Marble in Application
Marble kitchen countertops
Marble gives a kitchen a smooth, soft, luxurious look.
Like granite, marble kitchen countertops have a high heat resistance, so hot pots can be placed directly on the surface, straight from the stove or oven.
Marble, like granite and engineered stone, is also rated one of the most hygienic surfaces for countertops.
Unfortunately, due to the soft nature of the stone, marble can scratch. The stone is also porous and will stain if spills are not wiped up quickly.
The following limitations need to be considered:
Many people insist on installing marble in their kitchens, if you do, be prepared to look after them carefully.
Before installing marble in your kitchen, see what colour options are available in granite and engineered stone first. The scratch and stain resistance of these stone types makes them far superior for use in the kitchen.

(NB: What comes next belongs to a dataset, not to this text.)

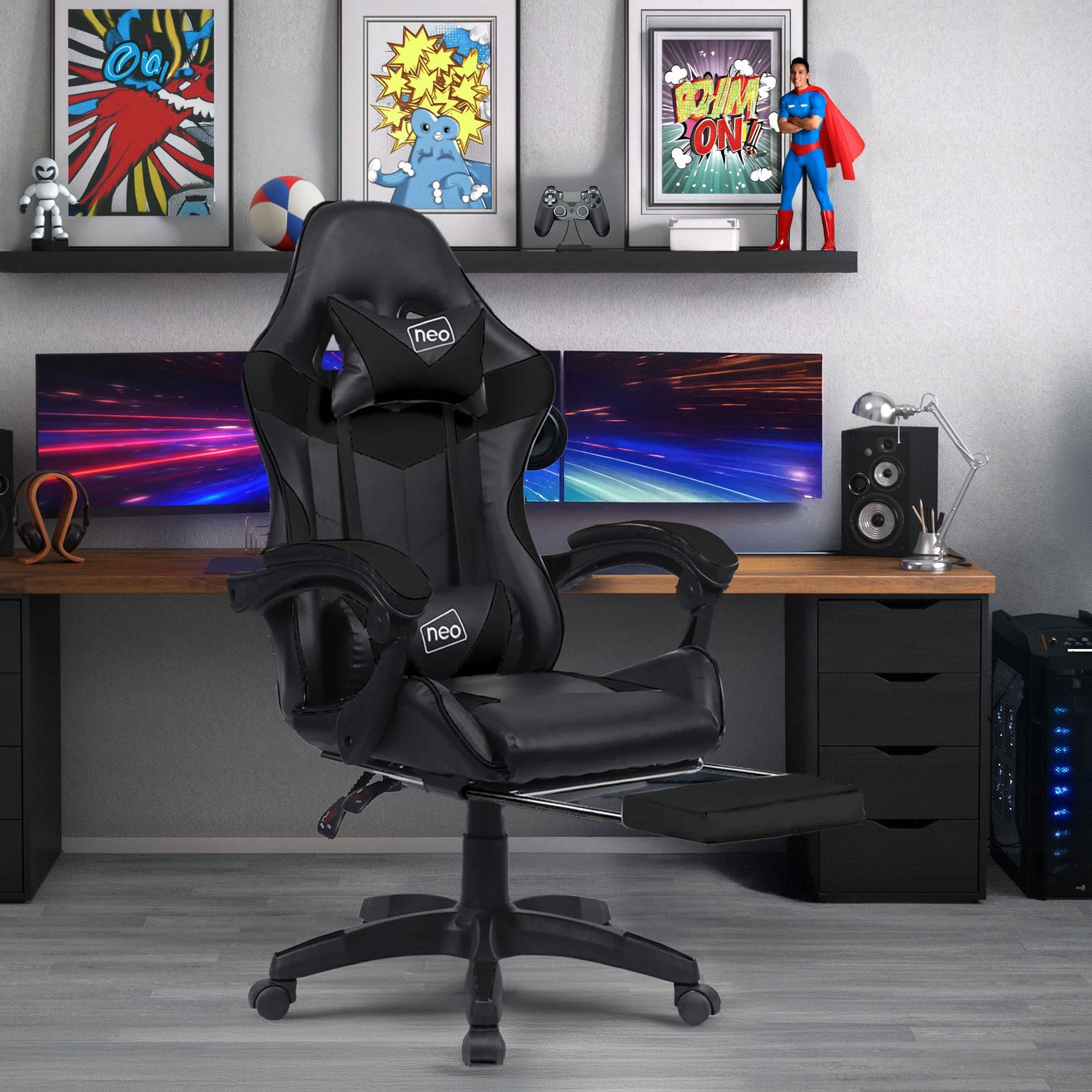 Sedia da Ufficio e Gaming Reclinabile con Supporto Ergonomico e Poggiapiedi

If you are determined to have the smooth luxurious look of marble in your home, then rather consider installing marble in the bathroom and granite or engineered stone in the kitchen. This will create a harmonious interesting balance in your home.
To read more about the different kitchen countertops, go to Kitchen Countertops page.
Marble in the bathroom
If there is one application where marble is most popular, it's the bathroom!
With a wide variety of colours and beautiful soft patterns, marble give a bathroom a warm elegant ambiance.
Aside from using marble for bathroom vanity units and walls, it can also be used for the floors of the bathroom as well. Like any other smooth surface floor, the polished surface of a marble can be slippery if it gets wet and a honed marble surface is recommended, especially for shower floors.
Marble can also be used for, fireplace surrounds, table tops, reception countertops, floor tiles, exterior applications such as braai areas, jacuzzi and pool surrounds, and more.